This invention relates to a temperature responsive switch for electrically heated devices, particularly baking ovens. The temperature responsive switch may be of the type which has an electrically heated bimetal, a setting arm and a stationary contact arranged therebetween. These three components which are inserted stackwise on a securing post, such as a hollow rivet, are spaced from one another by electrically insulating discs and project from the post in the same direction, approximately parallel to one another. There is further provided a contact spring which is biased in the direction of the stationary contact and whose fixed end is secured to the movable terminus of the setting arm. The setting arm may be displaced from its mid position by pressure exerted thereon by the bimetal and by a temperature preselector. The bimetal is connected to the electric circuit of the device served by the temperature responsive switch such that when the circuit is closed, current flows through the bimetal.

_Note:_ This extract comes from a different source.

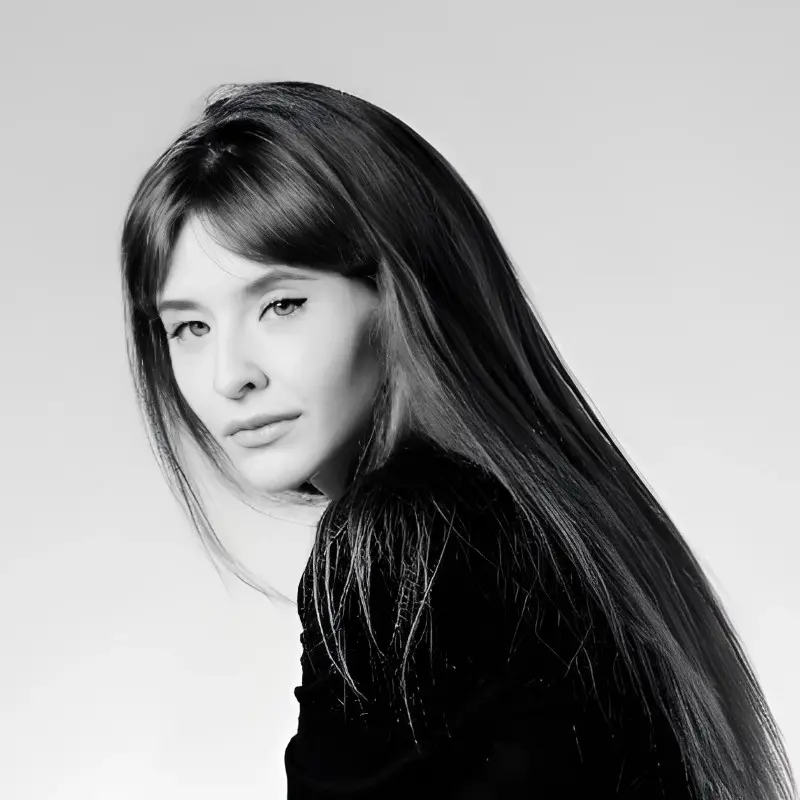 Елена Тюкова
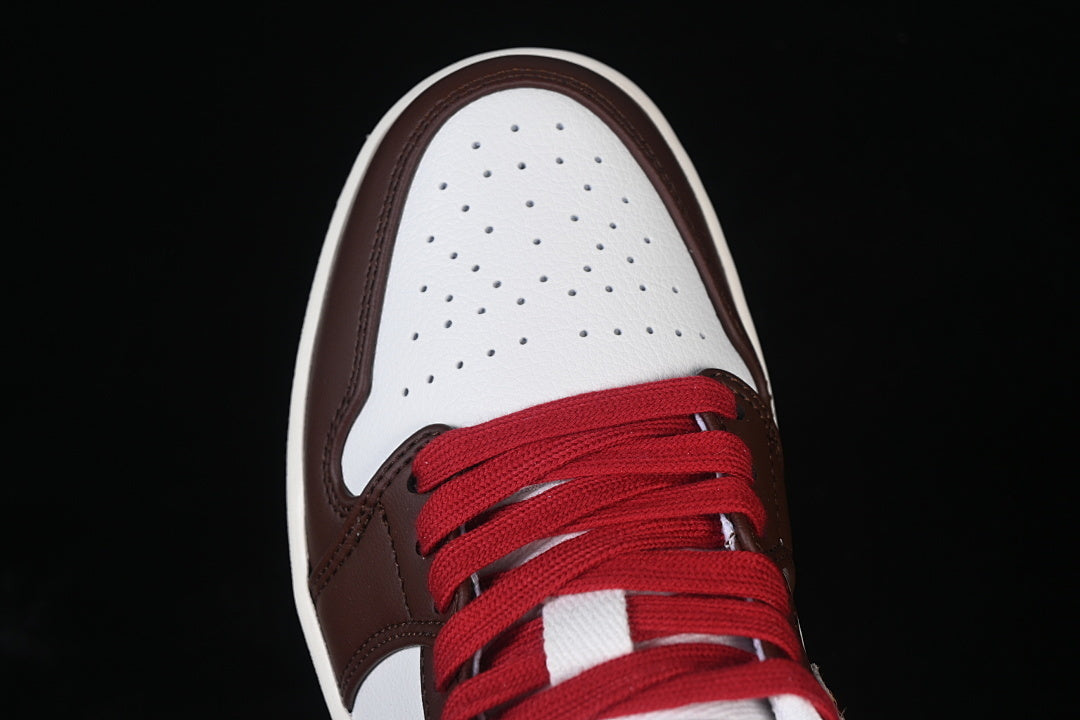 AJ1 Low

A temperature responsive switch of the above-outlined known type, if serving, for example, a water heater, provides for heating the water to a preselected temperature and for maintaining the water at that temperature. Such a temperature responsive switch is an output regulator which is controlled exclusively by the current flowing through the bimetal. The heating of the bimetal occurs according to the principle of resistance heating. As soon as the water heater has reached the desired temperature, the bimetal swings the contact spring out of its contacting position into the OFF position. After a certain cooling period which starts as the heating current is interrupted, the contact spring, by virtue of its bias, swings back into the ON position whereby the heating process resumes up to the moment of the successive switch-off. Thus, in this manner, the water heater is maintained essentially at constant heat-up temperatures, and overheating is prevented by the periodic switch-offs. Further, the calorie loss due to the cooling is resupplied after a certain delay during the renewed ON periods. The temperature preselecting device effects a displacement of the movable end of the setting arm and thus causes a change of the position of the stationary end of the contact spring. By virtue of the displacement of the movable end of the setting arm the switch-off effect of the bimetal on the contact spring is made dependent from a variable, predetermined extent of deformation of the bimetal, that is, the holding temperature of the switch may be preselected.

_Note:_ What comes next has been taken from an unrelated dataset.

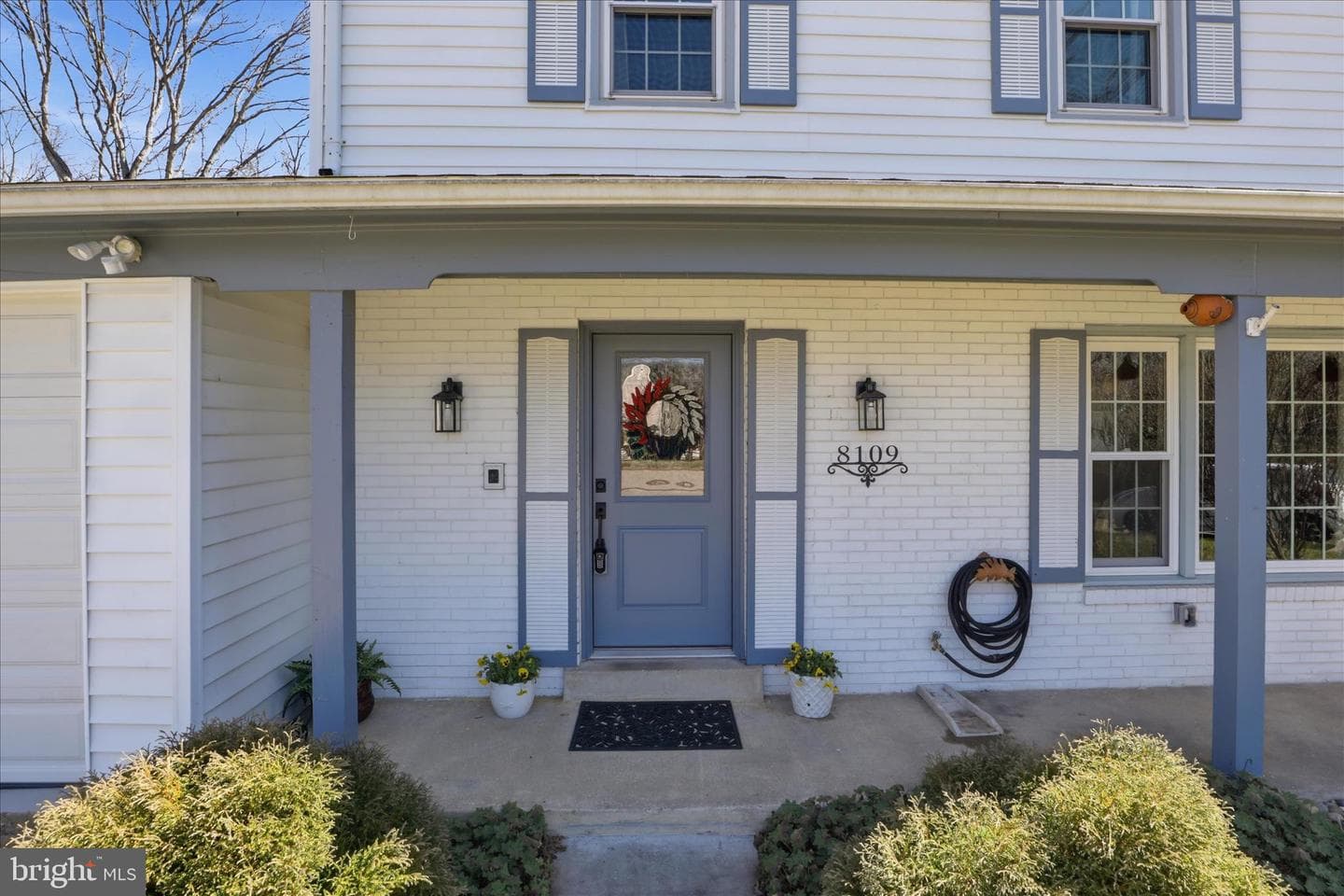8109 Overton photo 4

Output regulators of the above-outlined type have the disadvantage that the heat requirement of, for example, the inner space of a baking oven is not taken into account in the regulating process. The switch-off occurs conventionally only as a function of the current flow. The periods of ON position of the output regulator are constant even during the heat-up phase with the result that the heating temperature does not increase sufficiently rapidly. It is, however, an advantage of this type of output regulator that relatively short switching times can be realized. Thus, such output regulators often work with an ON period of only 1 to 2%.
Further, temperature responsive switches are known wherein the bimetal is controlled solely by the actual temperature of the electric device served by the switch. It is a disadvantage of such temperature responsive switches that the regulating periods are too long because of the distance between the switch and the heated environment. Further, the difference between switch-off temperature and switch-on temperature has been found to be very high. The switching behavior of such temperature responsive switches has a relatively high inertia. It is, however, an advantage of this type of temperature responsive switch that regulation may be effected as a function of the necessary heat requirements.